Much of Wednesday's Oval Office discussion is expected to focus on another delicate issue: U.S.-led nuclear talks with Iran. With a deadline for reaching a final agreement less than two months away, all sides say significant gaps remain.
Netanyahu has long cautioned the U.S. and the international community that Iran is barreling toward a bomb and using diplomatic openings as a stalling tactic. The Islamic republic contends its nuclear program is for peaceful purposes.
The Israeli leader arrives in Washington following meetings at the United Nations, where he delivered a blistering speech accusing Hamas of committing war crimes by using Palestinian civilians as human shields during the 50-day Gaza war that ended Aug. 26. His speech was a response to Palestinian President Mahmoud Abbas' assertion that Israel had carried out a "war of genocide" during the Gaza fighting.

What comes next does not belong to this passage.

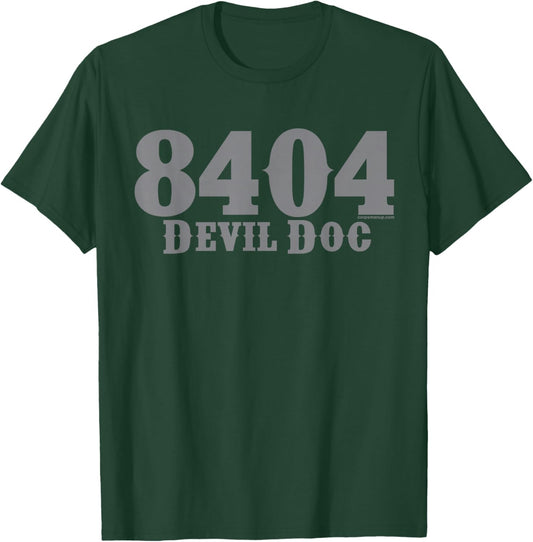 8404 Corpman Up T-Shirt - T-Shirt | Forest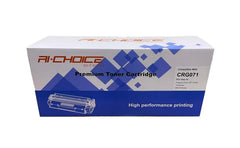 Ri Choice Premium Compatible Black Toner Cartridge Com 071 Crg071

Israel launched thousands of airstrikes against what it said were Hamas-linked targets in the dense Gaza Strip, resulting in more than 2,100 Palestinian deaths, the vast majority civilians, according to the United Nations. More than 70 Israelis were also killed.
The civilian death toll in Gaza deeply frustrated U.S. officials and resulted in more biting public condemnations of Israel's actions than are typical from the Obama administration.
In his speech to the U.N., Netanyahu sought to equate Hamas with the violent Islamic State militants the U.S. is seeking to degrade in Iraq and Syria.
"ISIS and Hamas are branches of the same poisonous tree," he said, referring to the Islamic State group by one of its acronyms. He added, "When it comes to its ultimate goals, Hamas is ISIS, and ISIS is Hamas."
Obama and Netanyahu last met in March while the Israelis and Palestinians were still engaged in a U.S.-mediated peace process. The discussions collapsed without a peace accord.
Both Netanyahu and Abbas appear to have abandoned any hope of reviving peace talks, though each is pressing separate diplomatic initiatives. Netanyahu has called for bringing an alliance of moderate Arab states into the peace process, while Abbas has said he'll appeal to the U.N. Security Council to back Palestinian independence.